UNO. El viernes pasado estuve en la librería La Fugitiva, en la calle Santa Isabel, cerca de Antón Martín. Existe allí una sección de venta de ejemplares usados, cosa que no abunda en Madrid; encontré una edición de bolsillo y tapas duras de 84, Charing Cross Road, una delicia de libro que leí (tomado de la biblioteca) hace algunos meses. Me costó 5 euros.
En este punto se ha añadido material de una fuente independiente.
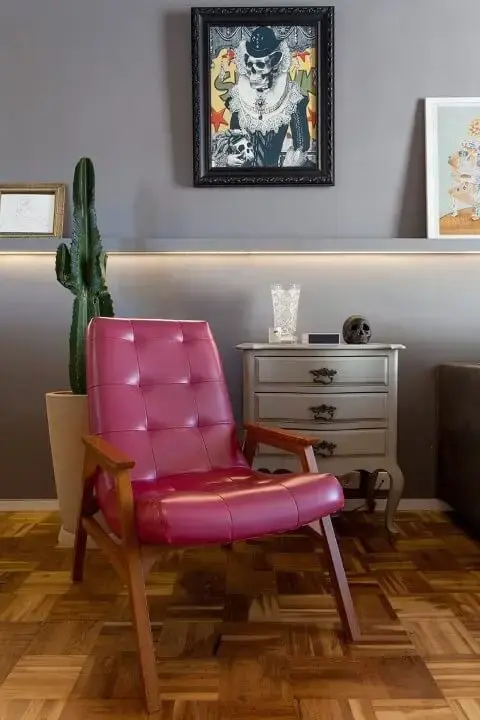 Sala de esta com decoração divertida e cadeira em tons de rosa Projeto de Tria Arquitetura
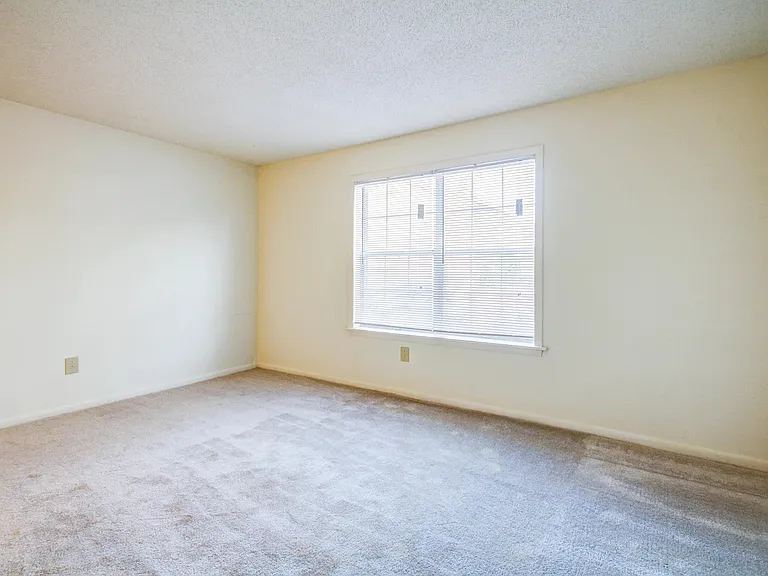 Berkshire Apartments — Photo 11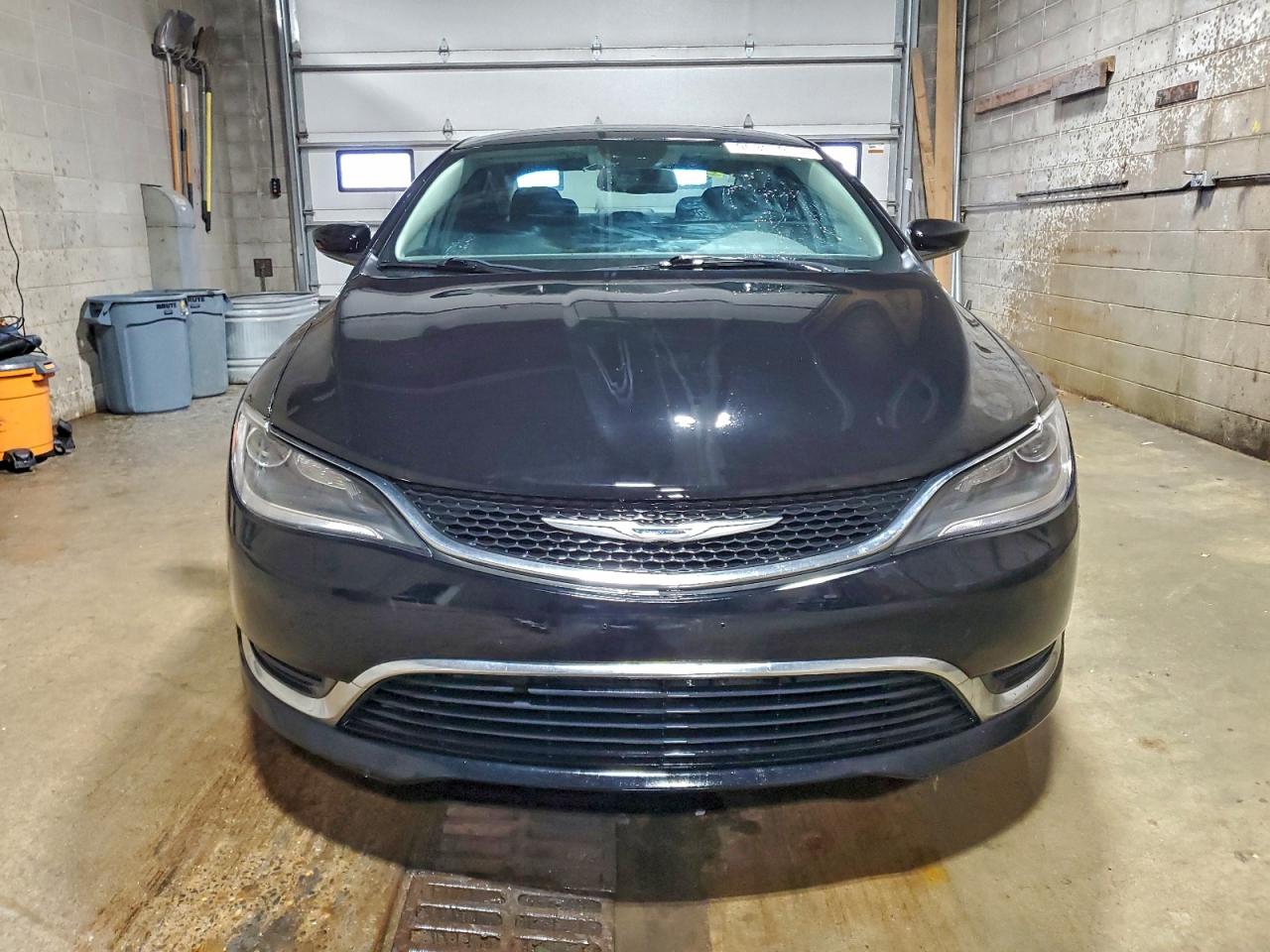 2015 CHRYSLER 200 LIMITED photo 5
84, Charing Cross Road consiste en el intercambio epistolar a lo largo de los años (comienza en octubre de 1949 y concluye exactamente dos décadas después) entre la autora, Helene Hanff, desde su casa de Nueva York, y los responsables y empleados de la librería Marks & Co., ubicada en la dirección que le da título al libro, en Londres.

DOS. Todo comienza así:

Señores:

Su anuncio publicado en la Saturday Review of Literature dice que están ustedes especializados en libros agotados. La expresión «libreros anticuarios» me asusta un poco. Porque asocio «antiguo» a «caro». Digamos que soy una escritora pobre amante de los libros antiguos y que los que deseo son imposibles de encontrar aquí salvo en ediciones raras y carísimas, o bien en ejemplares de segunda mano en Barnes & Noble que, además de mugrientos, suelen estar llenos de anotaciones escolares.
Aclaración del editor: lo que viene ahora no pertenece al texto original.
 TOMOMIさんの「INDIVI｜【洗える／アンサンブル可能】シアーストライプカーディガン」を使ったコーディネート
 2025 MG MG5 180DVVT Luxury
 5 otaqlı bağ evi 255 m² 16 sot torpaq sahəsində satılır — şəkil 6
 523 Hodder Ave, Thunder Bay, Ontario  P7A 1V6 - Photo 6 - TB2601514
Les adjunto una lista de mis necesidades más apremiantes. Si disponen ustedes de ejemplares limpios de segunda mano de algunos de los libros de esa lista, y a un precio que no rebase los 5 dólares por unidad, ¿tendrían la amabilidad de considerar la presente como un pedido en firme y enviármelos?
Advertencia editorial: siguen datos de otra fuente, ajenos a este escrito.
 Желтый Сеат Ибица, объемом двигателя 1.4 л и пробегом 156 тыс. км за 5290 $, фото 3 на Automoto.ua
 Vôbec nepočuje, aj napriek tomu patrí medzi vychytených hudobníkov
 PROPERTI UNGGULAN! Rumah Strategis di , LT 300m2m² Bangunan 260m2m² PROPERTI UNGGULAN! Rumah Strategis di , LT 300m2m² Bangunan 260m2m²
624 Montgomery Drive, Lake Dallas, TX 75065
Dándoles de antemano las gracias, les saluda

Helene Hanff

TRES. A las pocas páginas, el lector ya aprende a querer a esa corresponsal neoyorquina que intentó triunfar como autora teatral y debió resignarse a ganarse el puchero como guionista de televisión, y que en las pausas de su trabajo les escribe a los libreros londinenses desde su departamento, una planta baja sin más calefacción que la que le daba la compañía de sus libros abarrotando las paredes.

¿Cómo podría cualquier aspirante a escritor no sentir empatía con ella? ¿Y cómo podría no sentir empatía con esta mujer yo, que soy un amante de recorrer librerías de viejo, de revolver entre las mesas de ejemplares usados? Títulos inhallables, ediciones célebres, portadas que reconocemos por haber visto en artículos sobre la historia de tal novela o cual escritor: son tesoros que muchas veces están allí, rodeados de papel impreso y encuadernado sin ningún valor (al menos para mí), esperándome. La diosa Fortuna me reserva, cada tanto, uno de esos maravillosos hallazgos.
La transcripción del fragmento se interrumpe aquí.